Mentre stanno discutendo quale aspetto sottolineare della personalità di Tesla, genialità o pazzia, in un documentario, i due protagonisti parlano di una fotografia esclusiva e dell’uomo che l’ha loro inviata promettendone altre. È per questo motivo che, da New York dove si trovano, partono per Saratoga Springs. Durante il viaggio, denso di imprevisti, i due protagonisti si raccontano la storia di Nikola Tesla, una vera storia americana, nonostante le sue origini siano in Serbia, come sottolinea uno dei due, visto che ne ha tutti gli ingredienti, ovvero “ascesa, caduta, nemico, rivincita”. Dopo un primo lavoro per Edison, il quale gli promette un premio di cinquantamila dollari e poi si rimangia la parola data, Tesla ha la sua caduta, visto che per mantenersi deve lavorare come manovale e rinunciare ai suoi sogni per un po’. È al termine di questa caduta che incontra Westinghouse, uomo d’affari e inventore dei freni pneumatici per le ferrovie, e insieme creano una multinazionale con la quale portano avanti la guerra delle correnti contro Edison. Da questo confronto nasceranno da un lato la Westinghouse Electric Corporation e dall’altro la General Electric, mentre Tesla morirà in miseria in una stanza d’albergo. Parlando di come presenteranno la guerra delle correnti, i due protagonisti riconoscono nell’invenzione della sedia elettrica un evento eclatante e parlano anche dell’eventualità di utilizzare il filmato dell’elefantessa Topsy, a disposizione in rete, abbattuta dopo aver ucciso il proprio guardiano proprio con la corrente alternata.

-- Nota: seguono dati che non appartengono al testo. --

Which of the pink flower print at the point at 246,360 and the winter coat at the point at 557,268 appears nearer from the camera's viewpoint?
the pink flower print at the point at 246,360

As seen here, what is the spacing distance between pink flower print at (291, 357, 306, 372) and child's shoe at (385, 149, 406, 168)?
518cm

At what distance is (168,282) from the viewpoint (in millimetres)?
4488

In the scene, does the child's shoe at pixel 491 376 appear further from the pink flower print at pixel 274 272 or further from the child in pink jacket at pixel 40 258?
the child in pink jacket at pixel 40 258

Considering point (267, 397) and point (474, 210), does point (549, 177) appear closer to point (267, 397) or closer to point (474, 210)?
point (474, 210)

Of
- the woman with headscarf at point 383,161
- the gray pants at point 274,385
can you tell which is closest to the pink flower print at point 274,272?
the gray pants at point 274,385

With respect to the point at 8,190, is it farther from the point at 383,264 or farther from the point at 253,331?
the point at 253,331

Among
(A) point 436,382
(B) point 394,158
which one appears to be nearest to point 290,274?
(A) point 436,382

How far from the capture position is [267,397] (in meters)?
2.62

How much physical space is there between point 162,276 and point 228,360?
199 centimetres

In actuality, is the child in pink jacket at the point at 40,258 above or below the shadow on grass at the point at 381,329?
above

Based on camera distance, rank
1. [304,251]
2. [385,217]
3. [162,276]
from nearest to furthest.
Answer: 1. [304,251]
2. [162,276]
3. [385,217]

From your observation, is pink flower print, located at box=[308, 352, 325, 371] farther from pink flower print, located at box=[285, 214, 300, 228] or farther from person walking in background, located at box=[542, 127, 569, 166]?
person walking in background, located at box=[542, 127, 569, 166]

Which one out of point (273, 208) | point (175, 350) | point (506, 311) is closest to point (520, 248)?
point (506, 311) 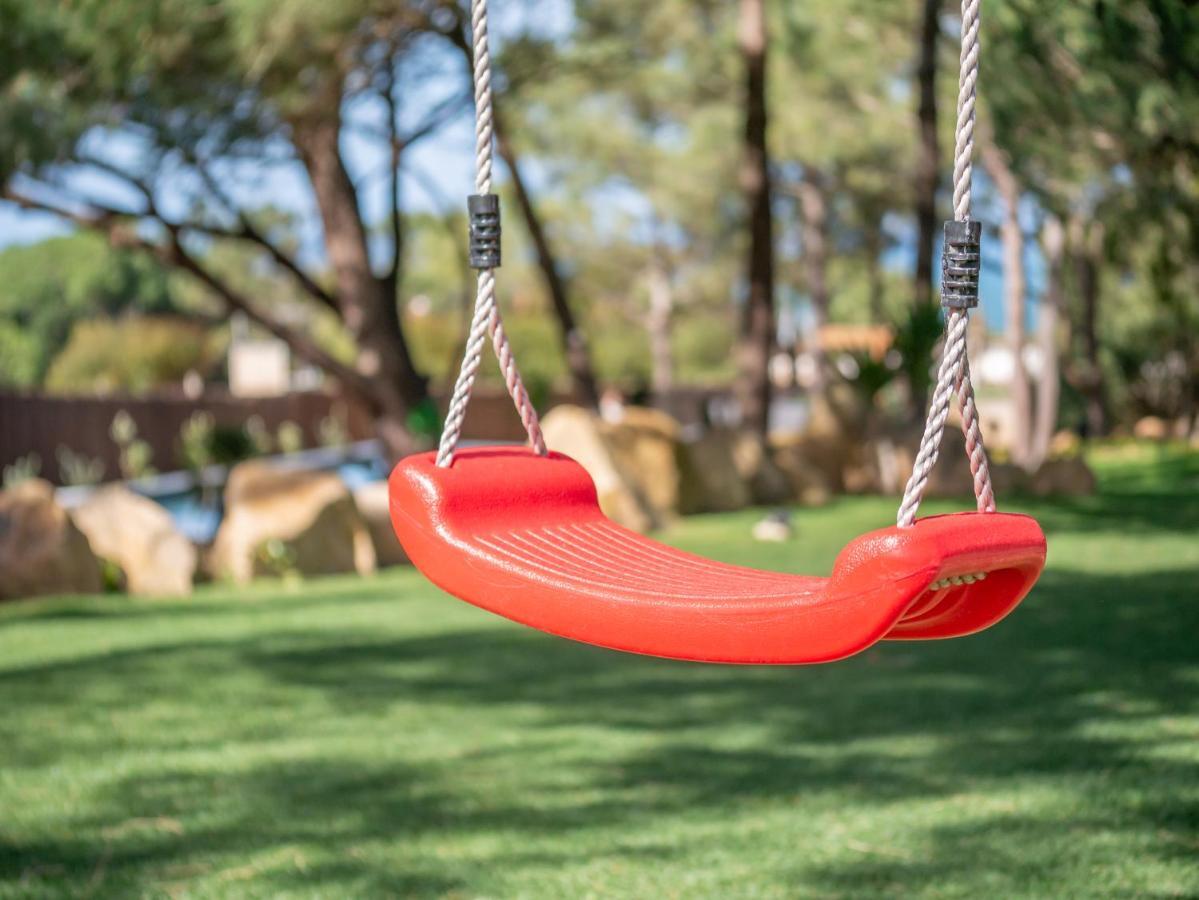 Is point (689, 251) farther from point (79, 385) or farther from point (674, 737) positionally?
point (674, 737)

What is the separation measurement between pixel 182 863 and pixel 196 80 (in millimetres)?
6438

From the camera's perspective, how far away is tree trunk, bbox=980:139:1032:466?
53.6ft

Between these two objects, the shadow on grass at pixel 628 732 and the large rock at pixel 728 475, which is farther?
the large rock at pixel 728 475

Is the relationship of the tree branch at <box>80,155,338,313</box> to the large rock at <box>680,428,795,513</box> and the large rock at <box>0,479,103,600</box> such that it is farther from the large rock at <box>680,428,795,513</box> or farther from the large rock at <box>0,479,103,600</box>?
the large rock at <box>680,428,795,513</box>

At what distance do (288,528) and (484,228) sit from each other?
20.7 ft

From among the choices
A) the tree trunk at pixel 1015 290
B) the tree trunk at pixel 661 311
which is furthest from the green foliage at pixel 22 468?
the tree trunk at pixel 661 311

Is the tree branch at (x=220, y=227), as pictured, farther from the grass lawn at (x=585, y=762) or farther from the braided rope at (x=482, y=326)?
the braided rope at (x=482, y=326)

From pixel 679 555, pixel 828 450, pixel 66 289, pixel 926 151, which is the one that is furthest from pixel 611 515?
pixel 66 289

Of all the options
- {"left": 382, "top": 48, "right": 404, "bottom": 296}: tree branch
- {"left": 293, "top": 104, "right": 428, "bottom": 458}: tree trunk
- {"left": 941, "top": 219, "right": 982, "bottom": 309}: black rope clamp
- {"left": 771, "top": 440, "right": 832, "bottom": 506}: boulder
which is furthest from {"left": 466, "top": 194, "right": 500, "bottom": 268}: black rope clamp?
{"left": 771, "top": 440, "right": 832, "bottom": 506}: boulder

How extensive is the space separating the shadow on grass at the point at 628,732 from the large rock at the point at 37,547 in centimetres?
191

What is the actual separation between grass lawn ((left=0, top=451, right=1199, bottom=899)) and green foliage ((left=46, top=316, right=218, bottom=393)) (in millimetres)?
31612

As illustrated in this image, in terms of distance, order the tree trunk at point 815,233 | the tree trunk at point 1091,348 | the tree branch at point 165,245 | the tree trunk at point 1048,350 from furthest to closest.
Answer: the tree trunk at point 815,233, the tree trunk at point 1091,348, the tree trunk at point 1048,350, the tree branch at point 165,245

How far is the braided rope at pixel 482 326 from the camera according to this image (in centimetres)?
239

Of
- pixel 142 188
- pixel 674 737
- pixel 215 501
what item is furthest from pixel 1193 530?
pixel 215 501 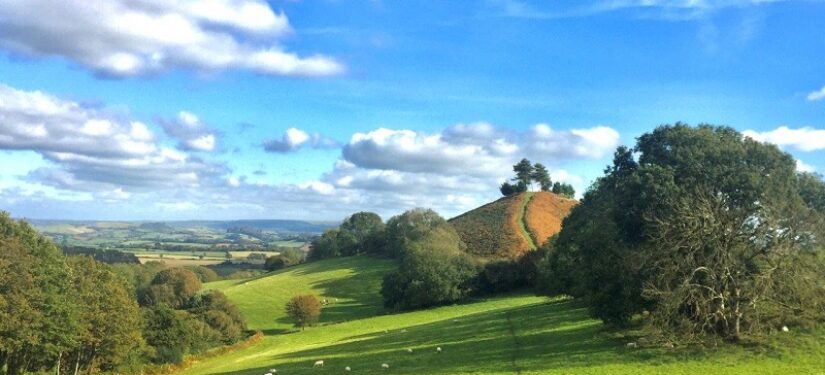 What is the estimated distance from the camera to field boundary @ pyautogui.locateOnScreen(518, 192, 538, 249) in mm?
121750

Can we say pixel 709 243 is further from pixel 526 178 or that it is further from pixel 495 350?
pixel 526 178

La fiera colombiana di Chicago del 1893 sancirà la vittoria di Tesla su Edison.

All’interno del documentario, ci sarà spazio anche per i fallimenti di Tesla e per la sua eccentricità, ma il fatto che Tesla fosse un ingegnere e non un fisico, determina una mancanza di basi teoriche che non gli permise di riconoscere l’infondatezza di alcune sue invenzioni. Attualmente, si dà la colpa degli insuccessi di Tesla ai complotti contro di lui: d’altra parte, «un complotto ti spiega tutto, elimina le zone d’ombra, rende tutto più “chiaro”, collega tutti i punti in un disegno con un senso».

Al termine della graphic novel, troviamo una breve biografia di Tesla, mentre la bibliografia, che arricchisce le informazioni date dal testo, è necessariamente scarna, perché, per certi aspetti, Tesla non è un personaggio molto recente, visto che è stato dimenticato per lungo tempo. La copertina della graphic novel sembra sottolineare l’aspetto più eccentrico di Tesla, ma il racconto rende ragione di tutti gli aspetti della personalità dell’inventore. La lettura richiede poco tempo, le immagini in bianco e nero sono ben fatte e accompagnano, arricchendola, la narrazione.